Hayley Kitching

Personal information
- Born: 26 September 2004 (age 21)

Sport
- Sport: Athletics
- Event: Middle-distance running

= Hayley Kitching =

Australian middle-distance runner

Hayley Kitching (born 26 September 2004) is an Australian middle-distance runner.

==Early life==
Kitching is from Coffs Harbour in New South Wales, and attended Narranga Public School and Coffs Harbour Senior College. She was the Australian national champion in the Under-18 Girls 800 metres, as well as New South Wales champion over 800m and 1500 metres, although her junior running was interrupted by the Covid-19 pandemic. She later accepted a scholarship offer to study at Penn State University in the United States.

==Career==
Kitching won the Australian U20 title over 800 metres in Sydney in March 2022. She was subsequently selected for the 2022 World Athletics U20 Championships, where she placed seventh over 800 metres in Cali, Colombia, in August 2022.

In March 2024, Kitching placed fourth over 800 metres at the NCAA Indoor Championships. In June, Kitching finished fifth over 800 metres at the 2024 NCAA Outdoor Championships. In February 2025, Kitching signed a name, image and likeness (NIL) contract with Brooks Running.

Kitching was selected to represent Australia at the 2025 Summer World University Games in Germany, where she was a semi-finalist in the 800 metres.

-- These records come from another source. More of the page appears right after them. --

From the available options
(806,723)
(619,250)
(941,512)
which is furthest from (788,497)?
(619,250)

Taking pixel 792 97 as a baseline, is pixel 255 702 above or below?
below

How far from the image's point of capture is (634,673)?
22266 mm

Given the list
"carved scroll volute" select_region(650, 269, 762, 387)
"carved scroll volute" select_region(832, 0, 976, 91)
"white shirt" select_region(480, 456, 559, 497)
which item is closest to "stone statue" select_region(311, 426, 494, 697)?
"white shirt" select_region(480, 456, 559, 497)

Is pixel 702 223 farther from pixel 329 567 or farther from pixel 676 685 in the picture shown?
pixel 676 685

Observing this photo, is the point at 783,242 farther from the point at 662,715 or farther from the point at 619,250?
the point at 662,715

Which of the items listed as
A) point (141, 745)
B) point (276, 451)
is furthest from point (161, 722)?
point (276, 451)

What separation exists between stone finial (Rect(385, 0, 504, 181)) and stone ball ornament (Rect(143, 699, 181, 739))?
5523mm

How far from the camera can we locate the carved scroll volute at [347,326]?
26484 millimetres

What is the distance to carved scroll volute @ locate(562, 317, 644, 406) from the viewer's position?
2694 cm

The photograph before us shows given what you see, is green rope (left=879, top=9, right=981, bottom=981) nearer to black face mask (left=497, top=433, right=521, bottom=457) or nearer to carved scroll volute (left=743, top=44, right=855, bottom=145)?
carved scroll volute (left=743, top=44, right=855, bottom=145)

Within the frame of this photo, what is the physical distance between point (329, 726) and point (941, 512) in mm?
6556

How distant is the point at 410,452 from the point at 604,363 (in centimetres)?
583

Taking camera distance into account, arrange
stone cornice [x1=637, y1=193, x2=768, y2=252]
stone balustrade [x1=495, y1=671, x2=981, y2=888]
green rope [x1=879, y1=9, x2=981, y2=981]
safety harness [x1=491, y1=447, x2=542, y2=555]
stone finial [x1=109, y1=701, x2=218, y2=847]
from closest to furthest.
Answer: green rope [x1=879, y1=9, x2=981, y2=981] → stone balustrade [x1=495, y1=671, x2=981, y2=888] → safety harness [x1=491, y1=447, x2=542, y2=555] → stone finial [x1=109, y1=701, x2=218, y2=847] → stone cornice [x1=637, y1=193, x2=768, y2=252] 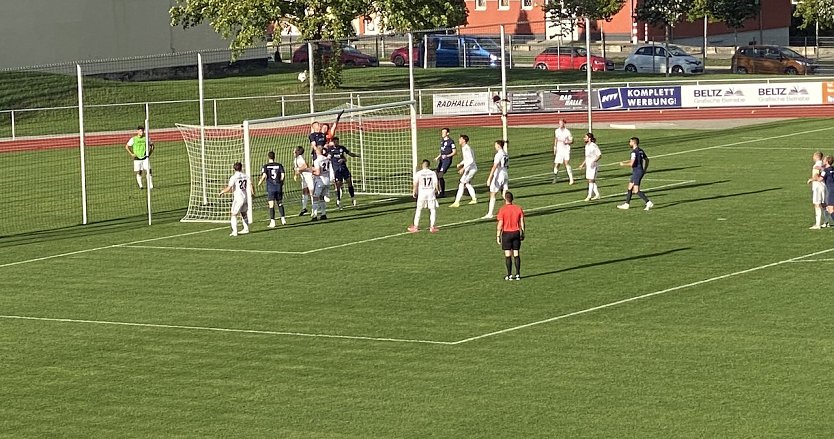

Competing for Penn State in January 2026, Kitching broke Zoe Buckman's Australian 1000m indoor national record with a time of 2:38.45 at the Nittany Lion Challenge. The time also broke the NCAA collegiate record. That month, she broke the school record for 800 metres indoors running 2:00.01 at the Penn State National Open. The following month, Kitching broke the meet record for the 800 metres at the Washington Indoor Husky Classic, running 1:59.22 to finish ahead of Rosemary Longisa. In February, Kitching also set a meet record of 2:00.55 in winning the 800 metres at the Big Ten Indoor Championships. Competing on 13 March at the 2026 NCAA Indoor Championships, Kitching fell just before the bell of her 800 metres preliminary heat, and although she got up and ran a 28.42 final lap, the fastest of the day by more than a second, she was too far adrift to qualify for the final.

Kitching was selected for the 800 metres at the 2026 World Athletics Indoor Championships in Toruń, Poland, in March 2026. At the Championships in Toruń, Poland, she advanced to the final of the 800 m after running 2:00.99 in her heat and winning her semi-final in 2:00.06, before placing fifth in the final in 2:00.50. In May, at the NCAA East Regionals, Kitching ran 1:59.15 to win her heat and qualify for the NCAA Outdoor Nationals. On 11 June, she won her semi-final at the 2026 NCAA Outdoor Championships in 1:59.46. In the final on 13 June, she placed second in a time of 1:57.65, faster than Athing Mu's previous NCAA record to move to second on the NCAA all-time list behind race winner Sanu Jallow. Kitching ran 1:59.66 for the 800 metres at the 2026 Prefontaine Classic.